Why not set backlog on Heroku?

First read this: https://mikecoutermarsh.com/adjusting-pumas-backlog-for-heroku/

Now we're on the same page. Heroku will re-route bounced requests from your dynos but it assumes when this happens that your entire app is saturated. https://devcenter.heroku.com/articles/http-routing#dyno-connection-behavior. Each connection gets delayed by 5 seconds, so you're automatically being docked 5 seconds per request.

If you're setting your backlog to a low value (i.e. if you'll ever actually ever hit backlog) then you'll be in for pain. When you get a spike of requests from slashdot/reddit/whatever you're telling your dynos that you would rather they failed then returned slow responses. So this does mean that some requests will be served, but all the others will fail.
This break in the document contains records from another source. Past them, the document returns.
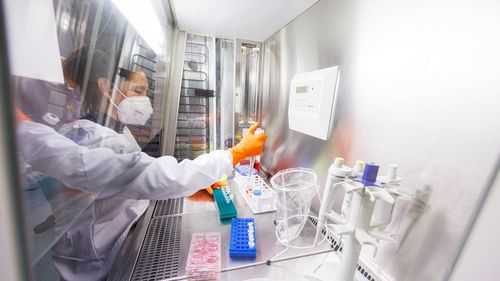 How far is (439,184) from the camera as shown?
0.45 m

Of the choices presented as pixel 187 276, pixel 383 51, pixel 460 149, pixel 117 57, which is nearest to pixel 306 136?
pixel 383 51

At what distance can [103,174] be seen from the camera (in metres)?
A: 0.61

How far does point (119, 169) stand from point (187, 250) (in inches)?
15.5

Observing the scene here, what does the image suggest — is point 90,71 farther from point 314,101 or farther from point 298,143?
point 298,143

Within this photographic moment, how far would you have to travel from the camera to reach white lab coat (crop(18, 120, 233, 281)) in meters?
Result: 0.50

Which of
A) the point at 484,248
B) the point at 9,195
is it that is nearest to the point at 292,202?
the point at 484,248

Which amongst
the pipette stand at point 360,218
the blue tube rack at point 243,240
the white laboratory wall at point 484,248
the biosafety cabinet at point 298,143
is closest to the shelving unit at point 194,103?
the biosafety cabinet at point 298,143

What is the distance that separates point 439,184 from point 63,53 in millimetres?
954

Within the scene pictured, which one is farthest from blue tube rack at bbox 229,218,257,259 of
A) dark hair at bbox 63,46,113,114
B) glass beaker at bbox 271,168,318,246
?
dark hair at bbox 63,46,113,114

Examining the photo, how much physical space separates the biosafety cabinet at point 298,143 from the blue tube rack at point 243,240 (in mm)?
11

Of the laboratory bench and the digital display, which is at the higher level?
the digital display

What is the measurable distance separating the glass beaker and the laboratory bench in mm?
43

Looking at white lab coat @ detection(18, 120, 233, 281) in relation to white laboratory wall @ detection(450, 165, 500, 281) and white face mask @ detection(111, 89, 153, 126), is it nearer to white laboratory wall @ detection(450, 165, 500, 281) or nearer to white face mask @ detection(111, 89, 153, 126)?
white face mask @ detection(111, 89, 153, 126)

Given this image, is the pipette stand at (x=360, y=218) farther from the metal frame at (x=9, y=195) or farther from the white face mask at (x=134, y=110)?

If your app ever hits your backlog (no matter what value it is) it is an indicator you don't have enough throughput and you need to scale out to more dynos. If you set this to an arbitrarilly low value, that point comes up earlier.

If you're getting to the point where you have 20-30 requests regularly queued up in one dyno, there's probably that many queued up in all your other dynos, so bouncing the request doesn't buy you extra speed, it just guarantees that the request will fail by putting it at the end of another dyno's queue that will probably bounce.

TLDR

It looks like an easy cheap performance win, but it's not. Setting backlog comes at the huge cost of trading speed for availability. If you offered to serve 50% of my requests faster and not respond to 50% of my other requests, i'm not going to be a happy customer.